Essex roads have the second highest number of collisions of any UK county, with 3,903 road casualties in 2020 - which the local road safety partnership attributes to high traffic levels. Across Essex Police force last year four cyclists were killed, 93 seriously injured and 227 slightly injured.
Despite lockdowns in 2020 dramatically reducing road traffic, Essex collisions decreased by just 14.3% compared with 2019. This was the fourth lowest decrease of 42 UK police forces - and partly attributed to a significant increase in law-breaking drivers speeding on quieter roads. Neighbouring Suffolk saw a 34% drop in road casualties last year by comparison, and Hertfordshire 31%.
Cycling UK says police need to promote new Highway Code guidance being introduced next year, including 1.5m minimum passing distances when overtaking cyclists, and a ‘hierarchy of responsibility’ in which those in charge of faster, larger vehicles have greater responsibility for keeping others safe.
Keir Gallagher, Cycling UK’s campaigns manager said: “With more people likely to take to Essex roads in preparation for RideLondon, it will be important for Essex Police to communicate and enforce these changes. The introduction of the new hierarchy of responsibility means there will need to be a step change in attitudes on how we all use our roads, with a focus on looking out for the most vulnerable.”
“Cycling UK would also encourage the council to think about the legacy of RideLondon. With all eyes on Glasgow and COP26 at the moment and the urgent need to cut transport emissions, cycling presents a simple solution to our car dependence for short local journeys. We’d hope the council will use the inspiration of RideLondon to build more joined up networks of safe cycling routes and use the bicycle to fight climate change.”
Paulina Mozal, Chelmer CC General Secretary, said: “Essex has some beautiful routes and country lanes”, with “lots of cyclist friendly cafe stops dotted around”.
“There has definitely been an increase of cyclists in the area over the past few months, both male and female. I think the recent Women's Tour, which had a few stages going through the local roads has inspired and contributed to that as well.”

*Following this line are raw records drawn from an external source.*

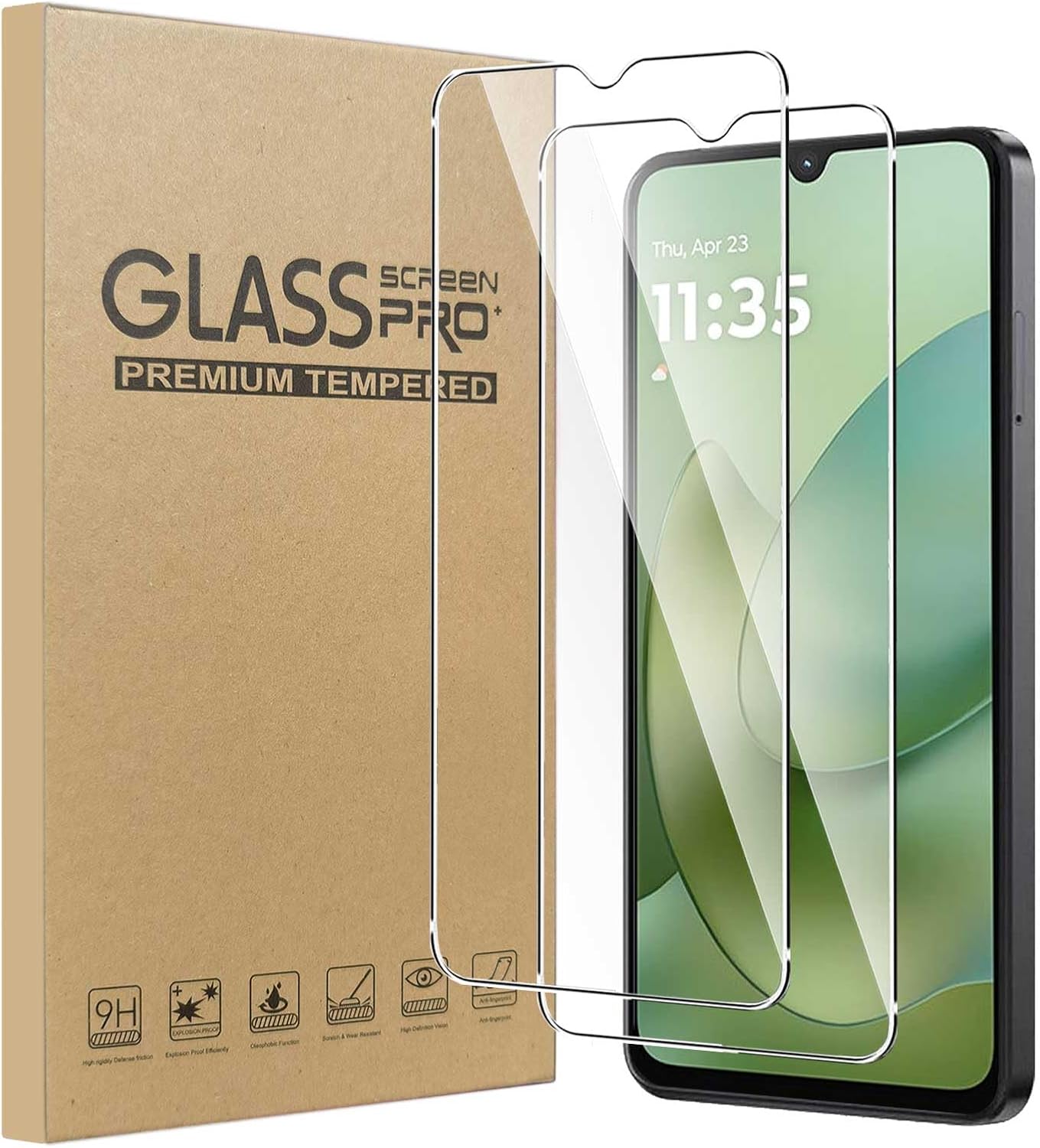 Motorola Moto G06 Clear Tempered Glass Screen Protector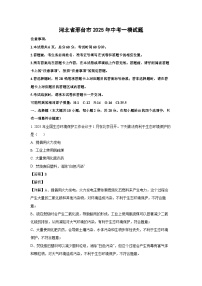 河北省邢台市2025年中考一模化学试题（解析版）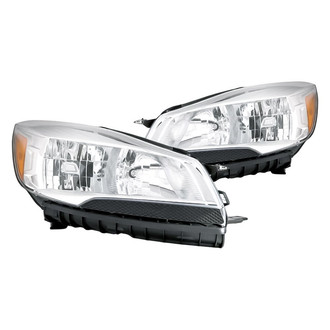 Replacement - Driver and Passenger Side Headlight Set (CAPA Certified)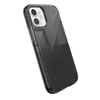 Speck Presidio Perfect-Clear with Grips case for iPhone 12 mini - Obsidian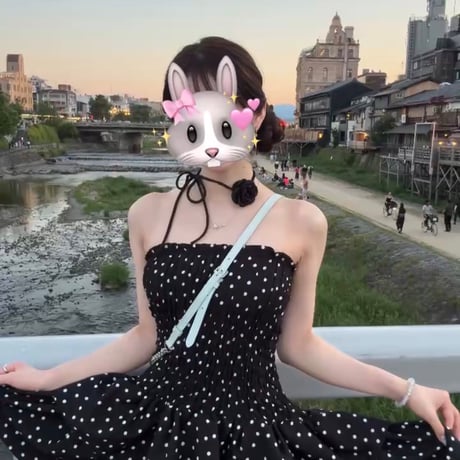 roseチョーカー付きdotワンピ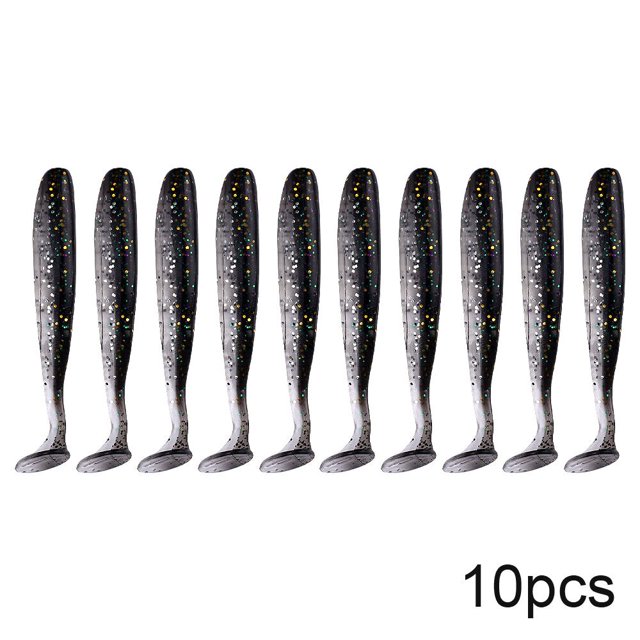 QXO 10 unids/lote 7cm 10cm 13cm señuelos de gusano suave cebo de silicona pez de mar Pva Swimbait Wobblers artículos para pesca aparejos artificiales Tan Jianjun unisex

However, she adds potholes and driver attitudes remain a problem. “Sadly many drivers still don't understand that it is legal for cyclists to ride two abreast on wider roads, same goes for cycle paths which we are not actually obliged to use as per The Highway Code.”
Essex police, like many UK forces, accepts third party camera footage submitted by the public. Cycling UK’s local group says in July cyclists made 103 reports to the Essex Police Extra Eyes third party reporting team, of which 96 were for close passes. Of these reports 58 (60%) resulted in no further action while 37 (38%) resulted in a notice of intended prosecution being issued. In two cases (2%) an advice letter was issued.
By contrast, according to Detective Chief Superintendent Andy Cox, the UK police lead on road collision investigation, “about two thirds” of video submissions nationally “end up in some sort of enforcement action”.
Cycling UK says there appears to be no clear standard among Essex police what constitutes a close pass, adding it hopes new clearer guidance in the Highway Code will help.
Safer Essex Roads Partnership, which didn’t respond to request for comment, runs various events in which it surrounds towns with high collision rates, to target law-breaking drivers.
RideLondon organisers pointed out the event itself is on closed roads and it is for Essex council, and local police, to tackle road safety. Essex Police did not respond to requests to comment.
Entries for RideLondon open on Wednesday 10 November. The first 10,000 places will be available on a first-come, first served basis. Entry is £89.